Música sacra?
Sempre achei curioso que muita da música reputadamente «sacra» tenha sido escrita por ateus, agnósticos ou panteístas. E mais curioso ainda que se assuma como dado adquirido que os artistas que a compuseram seriam necessariamente cristãos que expressavam em música a sua devoção fervorosa. No entanto, ninguém pensaria que, por exemplo, Botticelli ou Tiziano, o maior pintor da escola de Veneza, que pintaram profusamente cenas da mitologia greco-romana, eram pagãos adoradores de Baco, Vénus, Júpiter e restantes deuses.
De facto seria espantosa a quantidade de Te Deum, Requiem, Missa Solemnis, Stabat Mater e demais música sacra sortida, escrita por não teístas, obviamente sem alguma inspiração «divina», não fora o facto de nesse tempo para um artista sobreviver precisar ou de um patrono rico ou de escrever música por encomenda. Os únicos com dinheiro para tal faziam parte do clero ou da nobreza, a quem convinha estas cultas demonstrações de devoção.
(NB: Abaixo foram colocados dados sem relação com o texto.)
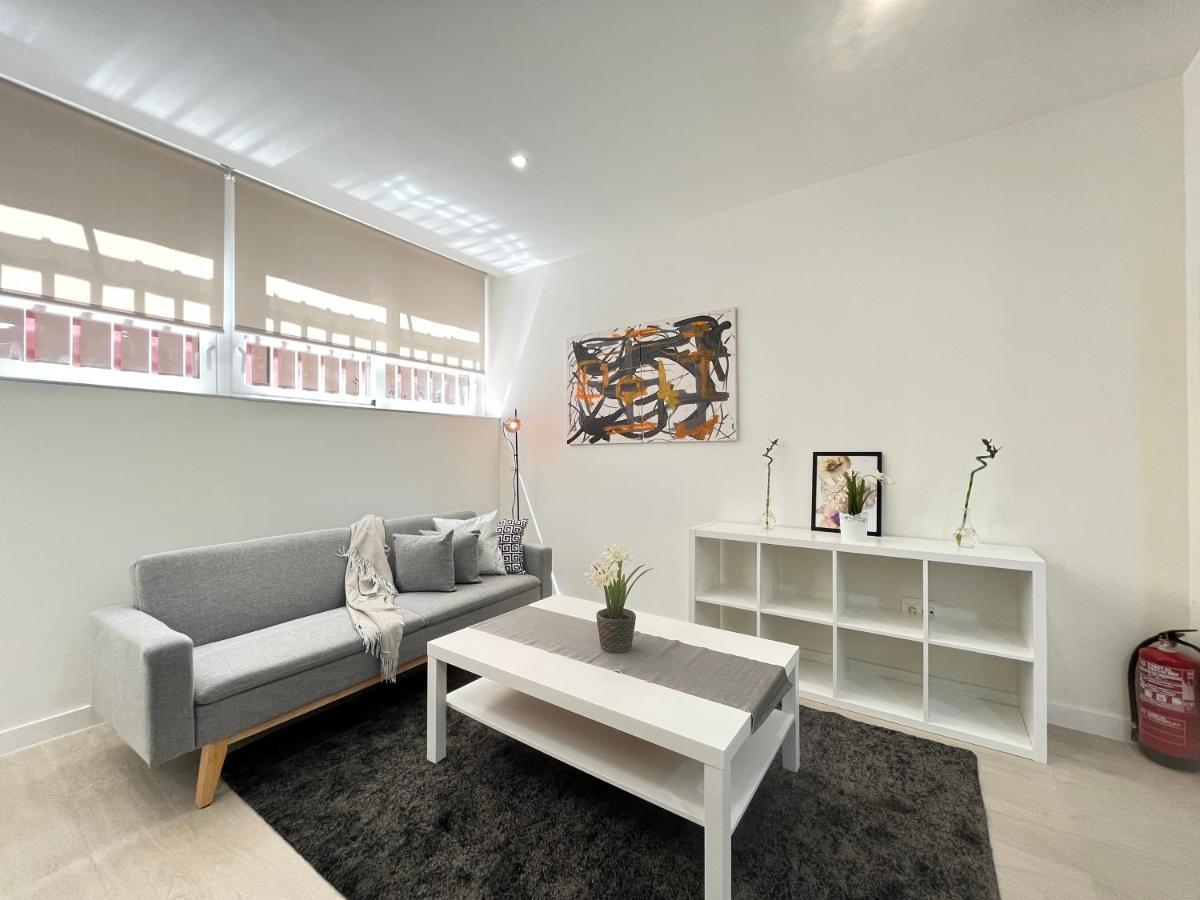 Apartament Acogedor Infanta Mercedes Madryt Zewnętrze zdjęcie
Alguns exemplos de grandes compositores de música sacra não teístas são Ludwig van Beethoven, Berlioz – que a Enciclopédia Católica reclama como «seu» mas na realidade Berlioz era ateísta, como comprovado pelas palavras do próprio na sua correspondência publicada por G. K. Boult (Life of Berlioz, 1903, p. 298) – Johannes Brahms, o compositor do Ein deutsches Requiem, Mozart, Franz Peter Schubert ou Robert Schumann.